The Belarusians are getting sober.
Over 3 million people died from alcohol consumption in 2016, equating to 1 in 20 deaths globally.
According to WHO’s latest study, this is more than AIDS, violence and road accidents combined.
The alcohol-related deaths include drink driving, alcohol-induced violence and a multitude of diseases and health conditions.
On average, the 2.3 billion people are currently considered drinkers, they consume 33 grammes of pure alcohol per day.

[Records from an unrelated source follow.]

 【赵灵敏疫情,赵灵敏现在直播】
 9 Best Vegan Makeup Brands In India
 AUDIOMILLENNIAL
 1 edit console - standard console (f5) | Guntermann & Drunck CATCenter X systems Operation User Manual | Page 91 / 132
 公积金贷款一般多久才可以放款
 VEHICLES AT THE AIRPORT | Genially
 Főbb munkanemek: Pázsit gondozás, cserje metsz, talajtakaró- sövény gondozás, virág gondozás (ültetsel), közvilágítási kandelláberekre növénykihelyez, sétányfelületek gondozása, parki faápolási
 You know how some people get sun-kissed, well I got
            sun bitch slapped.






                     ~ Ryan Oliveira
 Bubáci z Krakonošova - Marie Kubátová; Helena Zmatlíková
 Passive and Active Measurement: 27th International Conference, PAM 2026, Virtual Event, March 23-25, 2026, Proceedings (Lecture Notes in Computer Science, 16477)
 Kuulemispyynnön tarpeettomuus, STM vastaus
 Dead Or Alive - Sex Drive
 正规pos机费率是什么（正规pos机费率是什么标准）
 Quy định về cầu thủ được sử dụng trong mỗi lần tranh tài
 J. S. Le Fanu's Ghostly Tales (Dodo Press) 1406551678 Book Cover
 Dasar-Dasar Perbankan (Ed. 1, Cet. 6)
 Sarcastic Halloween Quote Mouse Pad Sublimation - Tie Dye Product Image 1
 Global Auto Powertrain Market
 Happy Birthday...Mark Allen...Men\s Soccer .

That is roughly equivalent to two glasses of wine, a large bottle of beer or two shots of spirits.
Worldwide, 45% of alcohol is consumed as spirits, followed by beer (34%) then wine (12%).
Europe and Belarus
Europe has the highest per capita consumption of 10 litres of pure alcohol or more per year, the report said.
Alcohol consumption has dropped in three-quarters of European countries, with the biggest declines in Russia, Moldavia and Belarus
In Belarus, average annual alcohol consumption plunged from 15,3 litres of pure alcohol per person in 2005 to 11.2 litres in 2016.
For years Belarus has been recognized as the world leader in alcohol consumption. Luckily, this dubious honour is gradually fading away.
In the latest UN agency’s report Belarus took 27th place in terms of alcohol consumption per capita.